Addendum 7-1: Searched Google for "household hints stain remov*" and got this academic essay on little known women poets of the Renaissance.
Other recent absorbing surfing included:
Memo to Media Monopolists (echoes that excellent NY Times magazine article on the dinosaur thinking of the music industry, was in a special issue devoted to music.)
Information Monopolies (by Representative Bernie Sanders)
The First Amendment: We can all get sidetracked in abstractions and situation-specific ethics, but this page from the American Library Association reminds us what it's all about. The amandment, commentary, and links. Great information to bookmark for the Fourth of July.
The Patriot Act. Congress jumped on the security bandwagon post-September 11 with this broad legislation. Forget hearsay and rumor, read the act yourself and check out the excellent links.

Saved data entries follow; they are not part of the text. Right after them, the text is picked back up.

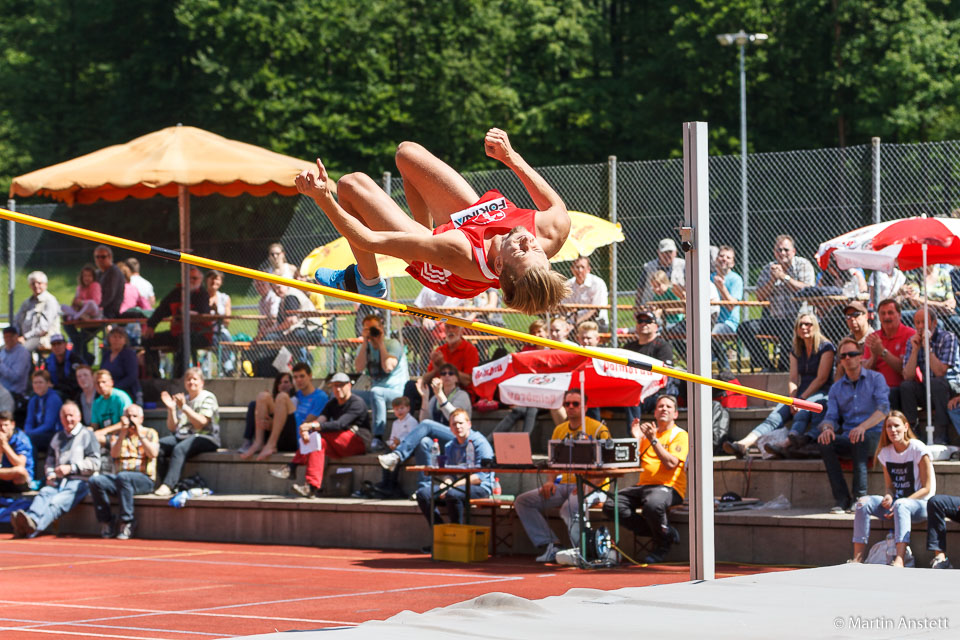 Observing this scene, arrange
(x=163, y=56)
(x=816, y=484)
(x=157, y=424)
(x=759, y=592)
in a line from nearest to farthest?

The ACLU's Patriot Act page. More analysis from those watchdogs of civil liberties.
The FBI wants to track your web trail
Intellectual Freedom. What is it? How is it being compromised? What is being done?
So I'm cleaning the place. This seems picayune, perhaps, when I'm unemployed and not making art. But I've been going full tilt for week now, with perhaps a week to go. This is only a 250-square foot space. Perhaps about the size of your living room. And I have the detritus of my entire life here (minus, okay, clothes, books, cds etc. with ex-bf in Berlin, a set of dishes and glasses and several boxes of childhood books and college papers in my brother's attic, and college books and toys/momentos at mom's). And two of us live here. Was supposed to be a stop-gap situation, but we could pay three times this amount in NY for the same amount of space, so the choice I made 9 years ago now that this apartment was a good starter place in Manhattan has sort of become the only place I'll ever have in Manhattan.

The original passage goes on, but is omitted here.